Many advances in therapy techniques have improved treatment offered to SCI patients in rehabilitation. Functional electrical stimulation (FES) has been applied to patients both in the acute rehabilitation setting and later in the outpatient setting to upper and lower extremities.20 Assisted or weighted standing and walking, even with patients with complete injuries, is now being tried in a few centers with promising early results.21 Technology and equipment innovation has influenced greatly the quality of care SCI patients receive. Power wheelchairs now have standing options, more rugged wheels, and automatic pressure relief. Manual chairs are now fitted with more advanced cushions, sport options, and “power-assist” wheels. Most cars and vans are outfitted with hand controls. Finally, computerized environmental control units and voice-activated systems have improved independence and freedom for patients with high-level tetraplegia.

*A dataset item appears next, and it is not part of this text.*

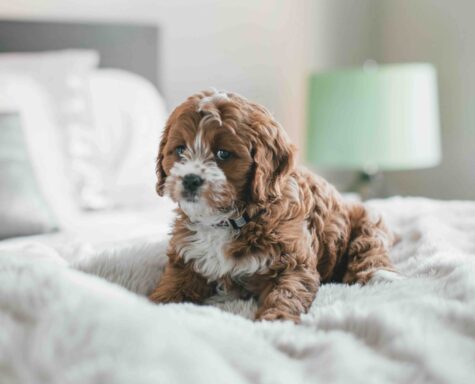 potty training puppy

Because shorter lengths of stay have moved patients home sooner, the majority of rehabilitation gains often occur in the outpatient setting. Patients with “chronic SCI,” some years after their injury, are even seeing benefits from renewed or prolonged rehabilitation. Jacobs and colleagues22 showed improvements in cardiovascular status after circuit strength training in SCI patients. Competitive sports for patients with disabilities offer not only physical but also psychologic benefits. Technology has also fueled growth in the rehabilitative treatment of SCI patients long after injury. Tendon transfers had been coupled with the “freehand” implant to improve hand function in many tetraplegic patients.23 Bladder implants or injections of botulinum toxin may reduce incontinence,24 intrathecal baclofen pumps reduce malignant spasticity,25 and FES implants have allowed for limited amounts of standing and ambulation.26 All of these devices can increase functional independence in the appropriate SCI candidate but also require postplacement rehabilitation training.27
Medical Management
Neurogenic Bowel Dysfunction
Neurogenic bowel dysfunction is common after SCI and has the potential to influence the social, emotional, and physical well-being of patients. Establishment of an effective bowel program during rehabilitation can minimize the development of disability related to neurogenic bowel. The goal is to control severe constipation, promote regularity, and prevent involuntary bowel movements. Two types of neurogenic bowel dysfunction after SCI exist: reflexic and areflexic.28
Reflexic or UMN bowel dysfunction is seen in patients with SCI above the conus medullaris. Voluntary control of bowel is lost in these patients, but conus-mediated reflex activity and intestinal peristalsis are intact. The external anal sphincter becomes spastic because of the spasticity of the pelvic floor preventing stool evacuation. Stool accumulates in the colon unless reflex defecation is triggered. Bowel care in these patients includes (1) nutritional changes with increased fiber and fluid intake, (2) oral medication (lubricants and cathartics), (3) rectal chemical stimulation (suppositories or enema), and (4) mechanical digital stimulation.29
Areflexic or lower motor neuron (LMN) bowel dysfunction is a result of lesions at or below the conus medullaris. Voluntary control of bowel is lost, as well as sacral reflex activity. The external anal sphincter becomes atonic and flaccid, which increases the risk of fecal incontinence. Management of LMN bowel dysfunction includes (1) diet with fiber and some fluid restriction, (2) oral medication (bulk-forming agent), and (3) mechanical digital removal of stool.29
Neurogenic Bladder Dysfunction
Urosepsis was the leading cause of death before introduction of intermittent catheterization (IC).30 Urologic problems are the most common complications of SCI. The rate of urinary tract infections (UTIs) is 50% to 80% in the first year postinjury. The goal of bladder management during rehabilitation is to establish an effective and safe method of emptying the bladder and avoiding incontinence. Two types of neurogenic bladder dysfunction exist: reflexic and areflexic.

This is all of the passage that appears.